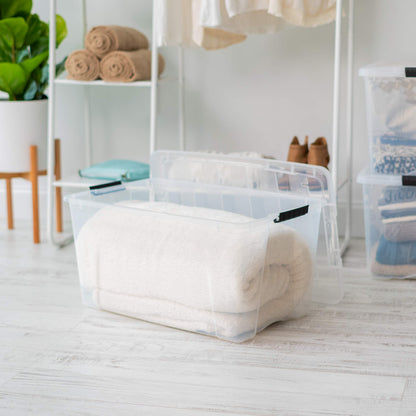 IRIS USA 72 QT Plastic Storage Box with Lid and Latches - 4 Pack - BPA-Free, See-Through Organizing Solution, Durable Nestable Stackable Containers, Secure Pull Handle - Clear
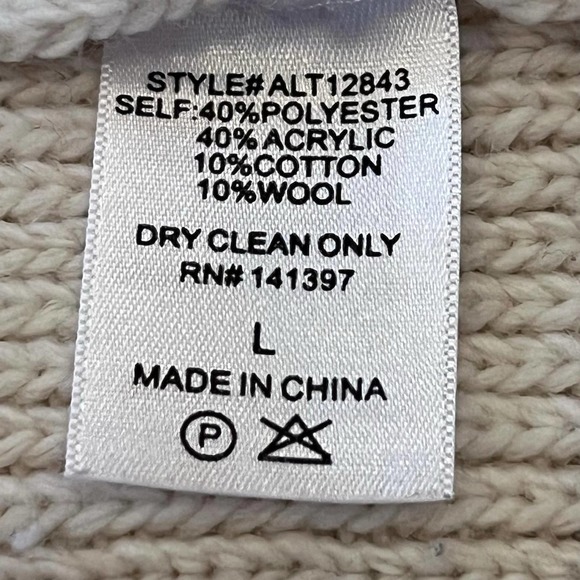 ASTR The Label Tunic Sweater Womens Sz LG Cream Sleeveless Mock Neck Side Slits - Picture 9 of 9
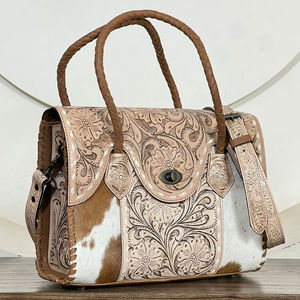Nouveau Sac à Main en Cuir Véritable pour Femme, Fabrication OEM/ODM, Sac Bandoulière Fourre-tout en Cuir de Vachette Outilé, Sac à Main en Peau de Bovin à Poils - Product Image 4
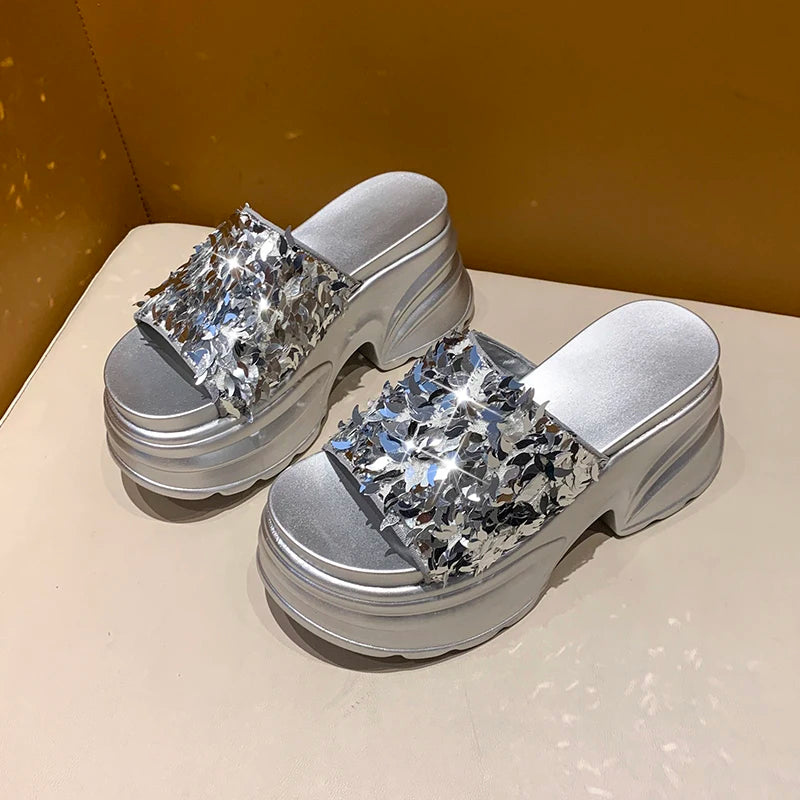 Aphixta Platform Sequined Cloth Sandals Slippers Women 8CM High Wedge Slides Women Shoes Gold Beach Slides Shoes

What to do
Output the data exactly as it is, with the pictures dropped.

Response
 IRIS USA 72 QT Plastic Storage Box with Lid and Latches - 4 Pack - BPA-Free, See-Through Organizing Solution, Durable Nestable Stackable Containers, Secure Pull Handle - Clear
 ASTR The Label Tunic Sweater Womens Sz LG Cream Sleeveless Mock Neck Side Slits - Picture 9 of 9
Nouveau Sac à Main en Cuir Véritable pour Femme, Fabrication OEM/ODM, Sac Bandoulière Fourre-tout en Cuir de Vachette Outilé, Sac à Main en Peau de Bovin à Poils - Product Image 4
 Aphixta Platform Sequined Cloth Sandals Slippers Women 8CM High Wedge Slides Women Shoes Gold Beach Slides Shoes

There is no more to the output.